ACTIVITY:
Please set down the records exactly, keeping every line.

Dataset records:
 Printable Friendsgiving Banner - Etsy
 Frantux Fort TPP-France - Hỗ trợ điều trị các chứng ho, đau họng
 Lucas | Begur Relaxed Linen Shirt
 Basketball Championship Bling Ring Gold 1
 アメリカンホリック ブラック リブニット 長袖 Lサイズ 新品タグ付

THE ANSWER:
 Printable Friendsgiving Banner - Etsy
 Frantux Fort TPP-France - Hỗ trợ điều trị các chứng ho, đau họng
 Lucas | Begur Relaxed Linen Shirt
 Basketball Championship Bling Ring Gold 1
 アメリカンホリック ブラック リブニット 長袖 Lサイズ 新品タグ付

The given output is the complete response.